Jupyter notebooks

This page shows how to connect a local Jupyter Notebook server to your cluster in order to access Spark kernels in an interactive way. This page assumes that you know how to create and manage configuration templates on Data Mechanics.

Data Mechanics provides an integration with Jupyter notebooks. It lets you run kernels with Spark support on your cluster.

Connect a Jupyter server to Data Mechanics

The Jupyter notebook server has an option to specify a gateway service in charge of running kernels on its behalf. Data Mechanics's notebook service can be used for this.

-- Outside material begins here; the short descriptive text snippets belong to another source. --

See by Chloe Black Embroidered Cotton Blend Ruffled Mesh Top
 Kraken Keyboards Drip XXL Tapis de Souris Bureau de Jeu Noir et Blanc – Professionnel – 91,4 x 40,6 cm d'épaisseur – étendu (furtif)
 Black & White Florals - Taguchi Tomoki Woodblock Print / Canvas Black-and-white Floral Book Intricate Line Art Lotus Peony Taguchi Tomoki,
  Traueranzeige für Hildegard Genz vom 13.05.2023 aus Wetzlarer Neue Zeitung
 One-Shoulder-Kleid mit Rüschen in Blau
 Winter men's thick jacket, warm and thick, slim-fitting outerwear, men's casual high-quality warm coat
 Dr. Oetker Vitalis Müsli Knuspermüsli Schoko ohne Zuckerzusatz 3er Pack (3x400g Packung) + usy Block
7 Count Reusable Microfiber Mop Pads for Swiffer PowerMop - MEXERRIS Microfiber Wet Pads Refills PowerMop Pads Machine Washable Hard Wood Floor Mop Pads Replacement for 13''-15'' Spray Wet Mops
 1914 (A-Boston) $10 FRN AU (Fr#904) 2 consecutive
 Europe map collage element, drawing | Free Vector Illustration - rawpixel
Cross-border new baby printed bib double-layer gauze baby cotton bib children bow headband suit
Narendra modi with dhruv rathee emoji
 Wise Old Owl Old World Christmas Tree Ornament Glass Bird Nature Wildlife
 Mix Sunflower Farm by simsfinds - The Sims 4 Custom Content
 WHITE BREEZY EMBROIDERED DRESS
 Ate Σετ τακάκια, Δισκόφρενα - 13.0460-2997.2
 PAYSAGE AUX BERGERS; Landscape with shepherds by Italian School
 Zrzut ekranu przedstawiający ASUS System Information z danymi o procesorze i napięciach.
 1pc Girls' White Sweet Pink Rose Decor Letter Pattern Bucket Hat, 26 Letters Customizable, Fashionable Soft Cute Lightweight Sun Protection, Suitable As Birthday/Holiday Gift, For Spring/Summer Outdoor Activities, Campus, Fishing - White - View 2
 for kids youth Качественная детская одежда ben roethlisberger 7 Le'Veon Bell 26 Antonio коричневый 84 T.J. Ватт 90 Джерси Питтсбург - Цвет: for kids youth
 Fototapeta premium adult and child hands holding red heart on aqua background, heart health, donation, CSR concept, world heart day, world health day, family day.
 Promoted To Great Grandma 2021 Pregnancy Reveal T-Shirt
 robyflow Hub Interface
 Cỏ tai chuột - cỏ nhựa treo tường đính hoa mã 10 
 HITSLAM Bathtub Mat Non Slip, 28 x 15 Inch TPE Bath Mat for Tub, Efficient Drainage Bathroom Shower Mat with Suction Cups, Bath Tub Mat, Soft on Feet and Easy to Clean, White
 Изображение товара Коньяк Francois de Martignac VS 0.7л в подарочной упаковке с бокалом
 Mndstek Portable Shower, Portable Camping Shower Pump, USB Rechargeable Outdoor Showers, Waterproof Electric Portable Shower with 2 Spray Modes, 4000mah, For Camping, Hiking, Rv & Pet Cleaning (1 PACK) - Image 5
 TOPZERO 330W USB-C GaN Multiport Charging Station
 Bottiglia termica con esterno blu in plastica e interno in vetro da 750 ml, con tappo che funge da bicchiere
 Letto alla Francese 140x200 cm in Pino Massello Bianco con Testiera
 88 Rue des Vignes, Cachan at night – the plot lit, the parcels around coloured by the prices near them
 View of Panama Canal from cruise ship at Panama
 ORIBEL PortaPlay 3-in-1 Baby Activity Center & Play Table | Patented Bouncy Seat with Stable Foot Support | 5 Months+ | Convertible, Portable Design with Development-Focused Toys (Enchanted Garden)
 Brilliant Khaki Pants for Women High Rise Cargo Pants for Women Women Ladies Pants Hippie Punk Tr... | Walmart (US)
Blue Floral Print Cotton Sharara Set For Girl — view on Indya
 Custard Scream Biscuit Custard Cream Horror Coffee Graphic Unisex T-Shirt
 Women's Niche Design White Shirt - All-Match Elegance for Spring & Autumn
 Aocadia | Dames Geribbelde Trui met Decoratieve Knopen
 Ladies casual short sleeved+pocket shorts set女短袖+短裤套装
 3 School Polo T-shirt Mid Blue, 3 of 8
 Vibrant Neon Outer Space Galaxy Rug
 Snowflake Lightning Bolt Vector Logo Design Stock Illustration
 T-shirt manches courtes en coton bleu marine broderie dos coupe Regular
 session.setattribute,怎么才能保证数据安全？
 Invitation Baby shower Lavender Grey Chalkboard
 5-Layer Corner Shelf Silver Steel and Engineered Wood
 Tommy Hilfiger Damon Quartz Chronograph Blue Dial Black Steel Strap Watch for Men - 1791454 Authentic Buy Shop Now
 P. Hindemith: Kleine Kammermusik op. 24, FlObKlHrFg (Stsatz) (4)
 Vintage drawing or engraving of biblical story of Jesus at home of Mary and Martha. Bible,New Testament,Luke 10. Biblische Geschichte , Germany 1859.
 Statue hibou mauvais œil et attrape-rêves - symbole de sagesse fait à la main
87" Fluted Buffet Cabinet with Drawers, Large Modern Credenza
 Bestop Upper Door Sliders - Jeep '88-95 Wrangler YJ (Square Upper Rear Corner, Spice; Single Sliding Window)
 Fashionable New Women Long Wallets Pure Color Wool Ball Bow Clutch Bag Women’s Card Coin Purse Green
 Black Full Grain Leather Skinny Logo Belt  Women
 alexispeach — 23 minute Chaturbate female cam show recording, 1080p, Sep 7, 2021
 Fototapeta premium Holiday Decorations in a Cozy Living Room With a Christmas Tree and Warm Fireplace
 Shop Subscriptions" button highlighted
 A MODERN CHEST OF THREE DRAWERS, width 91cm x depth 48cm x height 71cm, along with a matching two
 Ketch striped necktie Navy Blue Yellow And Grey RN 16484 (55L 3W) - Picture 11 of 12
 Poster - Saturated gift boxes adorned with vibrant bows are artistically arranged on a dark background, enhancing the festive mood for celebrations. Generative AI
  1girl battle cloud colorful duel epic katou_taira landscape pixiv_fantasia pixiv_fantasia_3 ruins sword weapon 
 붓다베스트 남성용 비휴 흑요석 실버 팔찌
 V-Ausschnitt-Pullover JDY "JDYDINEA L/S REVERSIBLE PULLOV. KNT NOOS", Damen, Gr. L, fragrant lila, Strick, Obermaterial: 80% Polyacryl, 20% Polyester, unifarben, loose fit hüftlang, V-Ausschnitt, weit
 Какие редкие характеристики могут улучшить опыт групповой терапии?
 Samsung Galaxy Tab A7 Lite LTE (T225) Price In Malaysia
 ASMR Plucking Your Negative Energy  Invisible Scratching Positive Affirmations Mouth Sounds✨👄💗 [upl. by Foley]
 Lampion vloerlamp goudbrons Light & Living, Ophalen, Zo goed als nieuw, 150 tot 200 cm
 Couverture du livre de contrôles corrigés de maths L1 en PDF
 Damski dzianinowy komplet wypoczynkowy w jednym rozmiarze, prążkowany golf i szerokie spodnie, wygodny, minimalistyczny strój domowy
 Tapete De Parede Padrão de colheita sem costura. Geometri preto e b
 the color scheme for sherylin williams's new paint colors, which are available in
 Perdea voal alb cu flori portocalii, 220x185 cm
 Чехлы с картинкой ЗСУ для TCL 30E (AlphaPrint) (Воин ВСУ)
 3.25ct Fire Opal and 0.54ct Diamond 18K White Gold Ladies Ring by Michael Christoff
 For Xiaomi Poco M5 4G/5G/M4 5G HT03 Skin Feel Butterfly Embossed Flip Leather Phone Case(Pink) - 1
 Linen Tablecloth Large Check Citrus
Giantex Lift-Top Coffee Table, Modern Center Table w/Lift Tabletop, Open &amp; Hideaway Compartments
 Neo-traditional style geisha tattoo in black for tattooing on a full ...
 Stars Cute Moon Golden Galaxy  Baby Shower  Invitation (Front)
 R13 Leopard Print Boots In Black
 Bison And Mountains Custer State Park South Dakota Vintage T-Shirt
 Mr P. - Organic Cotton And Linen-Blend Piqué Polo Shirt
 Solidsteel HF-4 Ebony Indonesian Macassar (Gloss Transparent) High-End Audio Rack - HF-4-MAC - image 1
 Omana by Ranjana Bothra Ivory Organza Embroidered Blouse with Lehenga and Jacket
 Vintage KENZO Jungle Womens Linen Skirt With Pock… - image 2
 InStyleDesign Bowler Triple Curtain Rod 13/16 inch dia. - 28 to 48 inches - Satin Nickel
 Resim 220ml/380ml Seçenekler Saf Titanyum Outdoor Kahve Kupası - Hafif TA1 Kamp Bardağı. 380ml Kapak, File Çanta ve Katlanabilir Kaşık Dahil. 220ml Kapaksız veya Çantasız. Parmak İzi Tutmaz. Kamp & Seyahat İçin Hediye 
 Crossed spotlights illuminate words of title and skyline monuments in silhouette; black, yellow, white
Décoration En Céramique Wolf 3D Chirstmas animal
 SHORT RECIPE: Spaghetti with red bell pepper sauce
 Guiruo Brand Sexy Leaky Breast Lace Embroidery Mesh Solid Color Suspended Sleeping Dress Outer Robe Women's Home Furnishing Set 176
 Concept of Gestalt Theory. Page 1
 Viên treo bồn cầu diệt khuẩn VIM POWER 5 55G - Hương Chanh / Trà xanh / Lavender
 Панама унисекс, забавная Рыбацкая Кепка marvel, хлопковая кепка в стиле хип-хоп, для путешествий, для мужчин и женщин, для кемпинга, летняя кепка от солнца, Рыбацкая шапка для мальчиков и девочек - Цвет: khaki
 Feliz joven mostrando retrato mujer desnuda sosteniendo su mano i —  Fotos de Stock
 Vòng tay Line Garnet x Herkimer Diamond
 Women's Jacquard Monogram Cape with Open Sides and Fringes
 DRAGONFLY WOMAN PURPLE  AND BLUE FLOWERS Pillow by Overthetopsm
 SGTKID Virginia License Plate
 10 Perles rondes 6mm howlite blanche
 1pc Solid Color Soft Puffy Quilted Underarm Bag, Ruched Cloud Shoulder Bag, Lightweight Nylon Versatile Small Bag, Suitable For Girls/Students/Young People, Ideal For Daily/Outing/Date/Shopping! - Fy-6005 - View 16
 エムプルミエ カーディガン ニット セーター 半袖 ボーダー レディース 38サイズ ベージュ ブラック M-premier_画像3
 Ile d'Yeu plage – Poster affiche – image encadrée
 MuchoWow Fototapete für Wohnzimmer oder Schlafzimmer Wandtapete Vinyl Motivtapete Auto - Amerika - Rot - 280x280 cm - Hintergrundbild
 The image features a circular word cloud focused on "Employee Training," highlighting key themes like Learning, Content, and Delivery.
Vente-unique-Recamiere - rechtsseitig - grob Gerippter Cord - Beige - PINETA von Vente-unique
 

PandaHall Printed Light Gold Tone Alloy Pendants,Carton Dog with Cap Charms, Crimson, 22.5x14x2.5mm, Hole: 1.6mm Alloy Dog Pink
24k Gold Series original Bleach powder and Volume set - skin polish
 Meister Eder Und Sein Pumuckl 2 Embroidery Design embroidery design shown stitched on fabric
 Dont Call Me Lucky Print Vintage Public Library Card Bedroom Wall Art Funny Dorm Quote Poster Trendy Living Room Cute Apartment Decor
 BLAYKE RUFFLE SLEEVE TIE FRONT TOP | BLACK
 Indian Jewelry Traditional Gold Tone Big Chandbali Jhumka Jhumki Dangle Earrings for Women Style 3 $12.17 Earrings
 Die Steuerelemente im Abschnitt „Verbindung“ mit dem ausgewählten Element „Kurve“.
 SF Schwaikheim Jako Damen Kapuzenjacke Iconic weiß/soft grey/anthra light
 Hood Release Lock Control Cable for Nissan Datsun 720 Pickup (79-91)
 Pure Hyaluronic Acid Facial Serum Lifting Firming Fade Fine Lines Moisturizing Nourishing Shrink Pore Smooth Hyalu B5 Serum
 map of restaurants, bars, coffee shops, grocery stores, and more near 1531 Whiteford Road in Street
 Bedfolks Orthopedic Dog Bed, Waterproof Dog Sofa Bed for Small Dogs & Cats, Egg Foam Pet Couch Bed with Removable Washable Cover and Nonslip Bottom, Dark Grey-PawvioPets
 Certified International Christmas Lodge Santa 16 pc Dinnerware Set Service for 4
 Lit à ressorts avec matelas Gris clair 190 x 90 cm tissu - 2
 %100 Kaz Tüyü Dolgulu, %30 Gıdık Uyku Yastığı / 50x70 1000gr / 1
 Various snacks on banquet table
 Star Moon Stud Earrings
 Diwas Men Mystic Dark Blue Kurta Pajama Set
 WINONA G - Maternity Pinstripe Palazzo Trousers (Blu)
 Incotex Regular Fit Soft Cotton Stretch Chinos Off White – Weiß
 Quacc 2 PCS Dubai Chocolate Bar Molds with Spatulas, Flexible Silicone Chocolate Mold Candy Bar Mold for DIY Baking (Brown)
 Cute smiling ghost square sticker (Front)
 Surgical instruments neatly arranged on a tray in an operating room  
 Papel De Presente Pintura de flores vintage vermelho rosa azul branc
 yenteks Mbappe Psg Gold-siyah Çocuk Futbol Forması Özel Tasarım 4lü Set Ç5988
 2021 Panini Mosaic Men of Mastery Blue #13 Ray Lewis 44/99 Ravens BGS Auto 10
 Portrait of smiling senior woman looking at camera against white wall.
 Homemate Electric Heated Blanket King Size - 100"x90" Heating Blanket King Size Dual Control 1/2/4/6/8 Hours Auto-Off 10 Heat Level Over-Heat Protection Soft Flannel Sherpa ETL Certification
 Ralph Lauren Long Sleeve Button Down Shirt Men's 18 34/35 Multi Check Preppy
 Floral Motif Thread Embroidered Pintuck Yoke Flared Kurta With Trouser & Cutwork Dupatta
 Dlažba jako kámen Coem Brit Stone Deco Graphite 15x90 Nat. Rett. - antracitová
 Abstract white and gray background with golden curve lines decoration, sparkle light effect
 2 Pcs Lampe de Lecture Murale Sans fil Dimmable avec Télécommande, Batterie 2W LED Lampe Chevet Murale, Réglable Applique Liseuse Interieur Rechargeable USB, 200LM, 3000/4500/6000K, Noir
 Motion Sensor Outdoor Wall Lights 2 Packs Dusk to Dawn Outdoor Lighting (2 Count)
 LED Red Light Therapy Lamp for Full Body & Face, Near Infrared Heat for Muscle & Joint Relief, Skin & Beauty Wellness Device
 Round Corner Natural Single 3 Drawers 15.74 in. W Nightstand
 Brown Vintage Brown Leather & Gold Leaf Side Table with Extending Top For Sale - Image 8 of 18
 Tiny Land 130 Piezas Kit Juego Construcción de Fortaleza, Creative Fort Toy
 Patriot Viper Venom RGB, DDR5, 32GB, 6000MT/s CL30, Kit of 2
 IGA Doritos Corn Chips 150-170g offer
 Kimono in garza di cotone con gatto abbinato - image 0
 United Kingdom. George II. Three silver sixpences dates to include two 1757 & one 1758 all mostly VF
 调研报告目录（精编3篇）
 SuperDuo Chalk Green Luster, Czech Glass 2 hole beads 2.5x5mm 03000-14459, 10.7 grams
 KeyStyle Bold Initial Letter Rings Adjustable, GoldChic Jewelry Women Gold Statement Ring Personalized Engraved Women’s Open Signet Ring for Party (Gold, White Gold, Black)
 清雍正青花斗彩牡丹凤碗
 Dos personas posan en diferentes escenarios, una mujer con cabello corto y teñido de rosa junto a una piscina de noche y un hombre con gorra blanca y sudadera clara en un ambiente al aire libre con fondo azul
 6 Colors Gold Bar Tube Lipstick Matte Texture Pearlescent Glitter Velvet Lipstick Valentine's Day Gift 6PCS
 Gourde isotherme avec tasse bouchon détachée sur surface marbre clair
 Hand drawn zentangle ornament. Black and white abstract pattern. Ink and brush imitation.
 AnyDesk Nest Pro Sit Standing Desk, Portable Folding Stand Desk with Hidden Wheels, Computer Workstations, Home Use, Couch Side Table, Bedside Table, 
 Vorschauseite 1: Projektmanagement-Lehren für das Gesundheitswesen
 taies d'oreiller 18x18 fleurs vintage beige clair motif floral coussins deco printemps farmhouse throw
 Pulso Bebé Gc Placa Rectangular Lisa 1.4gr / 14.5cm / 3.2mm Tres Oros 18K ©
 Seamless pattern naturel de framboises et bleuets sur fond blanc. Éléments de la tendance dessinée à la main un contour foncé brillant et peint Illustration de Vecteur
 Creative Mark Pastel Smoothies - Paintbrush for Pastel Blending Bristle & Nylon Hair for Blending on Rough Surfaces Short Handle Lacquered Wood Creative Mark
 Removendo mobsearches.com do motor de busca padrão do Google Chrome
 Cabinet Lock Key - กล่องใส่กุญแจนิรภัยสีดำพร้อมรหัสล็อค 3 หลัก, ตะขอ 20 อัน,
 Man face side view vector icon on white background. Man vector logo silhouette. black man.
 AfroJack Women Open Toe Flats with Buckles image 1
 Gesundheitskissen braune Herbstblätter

Install the Jupyter server with

pip install notebook --upgrade

The notebook service needs your user key to be started:

jupyter notebook --gateway-url=https://<your-cluster-url>/notebooks/ \
--GatewayClient.auth_token=<your-user-key> \
--GatewayClient.request_timeout=180

The key will be used by the notebook service to interact with the Data Mechanics API.

Define kernels with config templates

Jupyter uses kernels to provide support for different languages and enable the configuration of notebook behavior.

When a Jupyter server is connected to Data Mechanics, any Config template can be used as a kernel.

Here we just ensure that we have two config templates available:

curl -X POST \
https://<your-cluster-url>/api/config-templates/ \
-H 'Content-Type: application/json' \
-H 'X-API-Key: <your-user-key>' \
-d '{
"name": "spark-2-4-4-Python-2",
"config": {
"pythonVersion": "2",
"sparkVersion": "2.4.4"
}
}'
curl -X POST \
https://<your-cluster-url>/api/config-templates/ \
-H 'Content-Type: application/json' \
-H 'X-API-Key: <your-user-key>' \
-d '{
"name": "spark-3-0-0-Python-3",
"config": {
"pythonVersion": "3",
"sparkVersion": "3.0.0"
}
}'

In your Jupyter dashboard, you should now be able to create a new notebook using kernels derived from those config templates:

New notebook

At the moment, Data Mechanics only supports Python kernels. Scala kernels are on the way.

Use the notebooks

If you open a notebook, you need to wait for the kernel (ie the Spark driver) to be ready. As long as the kernel is marked as "busy", it means it has not started yet. This may take up to 30 seconds.

Here are the objects you can use to interact with Spark:

  • the Spark context in variable sc
  • the Spark SQL context in variable sqlContext

If those objects are not ready yet, you should see something like this upon invokation:

<__main__.WaitingForSparkSessionToBeInitialized at 0x7f8c15f4f240>

Container images shipped with Data Mechanics come with the scipy stack installed:

  • numpy
  • scipy
  • pandas
  • matplotlib

You can install your own libraries by running:

!pip(3) install <some-library>

If you are new to Jupyter notebooks, you can use this tutorial as a starting point.

Notebooks are normal Spark apps

Data Mechanics makes no distinction between notebooks and Spark applications run by API call.

Notebooks appear in the Dashboard, so you can see their logs and configurations:

A notebook in the dashboard

Additionally, any configuration option for Spark applications can be applied to notebooks via the config template mechanism. For instance, notebooks can be granted access to data sitting in an object storage just like any other Spark application.